*** Entries supplied ***

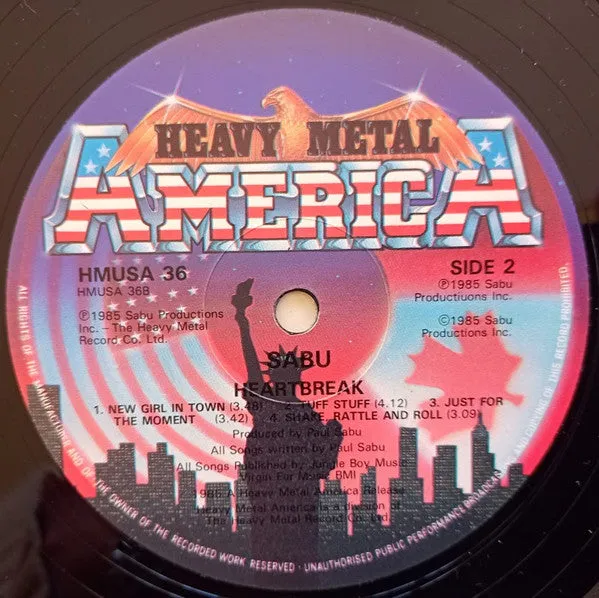 Sabu Heartbreak LP brukt vinyl hardrock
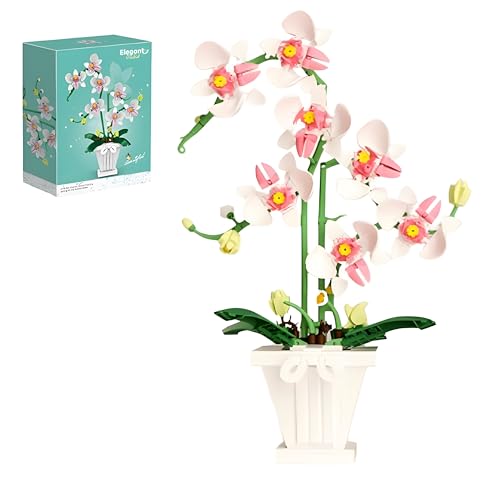 Orchidee Blume Bausteine Bausatz, 718 Stück künstliches Blumen Modell Spielzeug, Pflanzensammlung Blumen Klemmbausteine, Geschenkideen für Kinder und Erwachsene und als Dekoration für das Büro(2172) von DzirePada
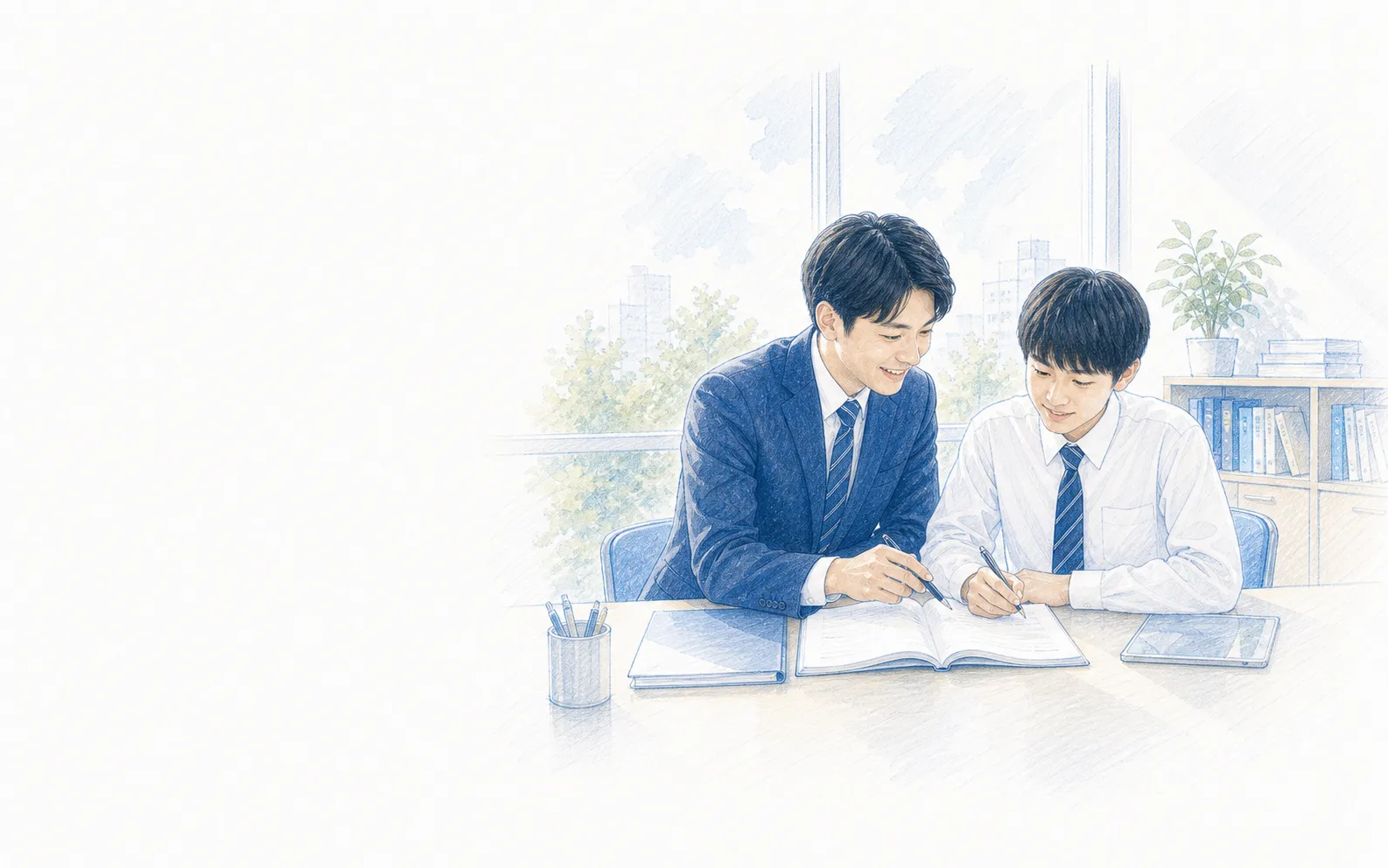 先生と生徒がノートを見ながら学習内容を確認している線画イラスト
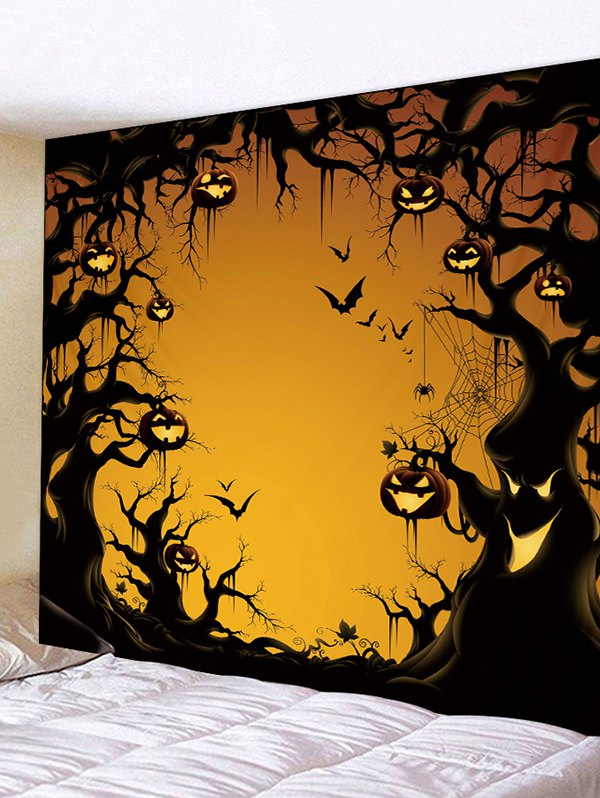 Halloween Pumpkin Tree Printed Wall Tapestry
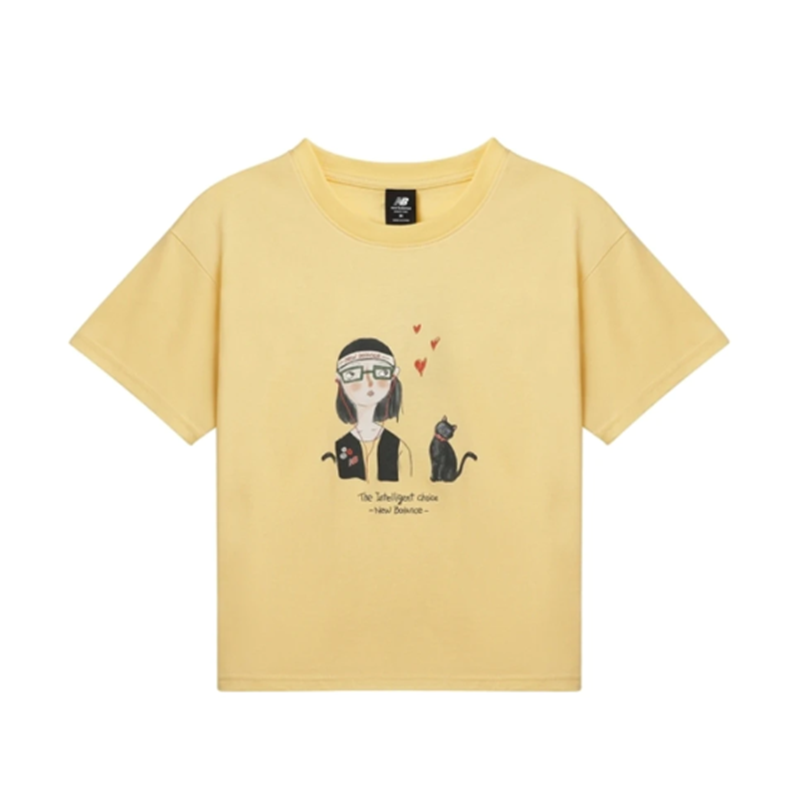 New Balance女款夏季休闲轻薄宽松简约圆领短袖T恤AWT12329-FTL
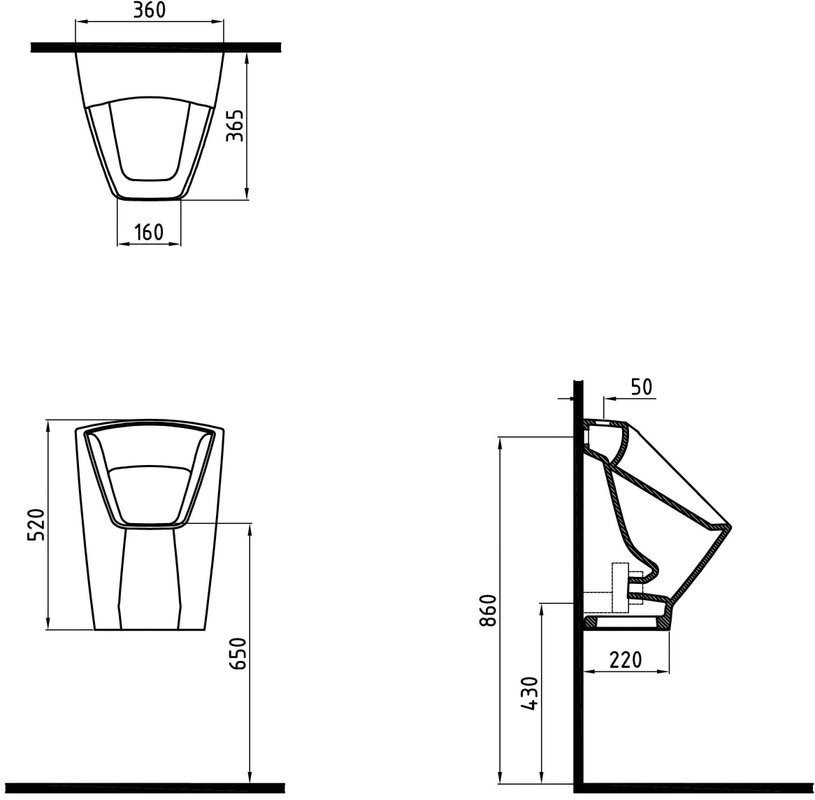 Писсуар подвесной Bien Neptun NPPS05201VSUW5000 сенсорный, белый, с сифоном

*** End of Entries supplied ***

The data must be reproduced exactly, and no picture may appear in the copy.

Task solution:
 Sabu Heartbreak LP brukt vinyl hardrock
 Orchidee Blume Bausteine Bausatz, 718 Stück künstliches Blumen Modell Spielzeug, Pflanzensammlung Blumen Klemmbausteine, Geschenkideen für Kinder und Erwachsene und als Dekoration für das Büro(2172) von DzirePada
 先生と生徒がノートを見ながら学習内容を確認している線画イラスト
 Halloween Pumpkin Tree Printed Wall Tapestry
 New Balance女款夏季休闲轻薄宽松简约圆领短袖T恤AWT12329-FTL
 Писсуар подвесной Bien Neptun NPPS05201VSUW5000 сенсорный, белый, с сифоном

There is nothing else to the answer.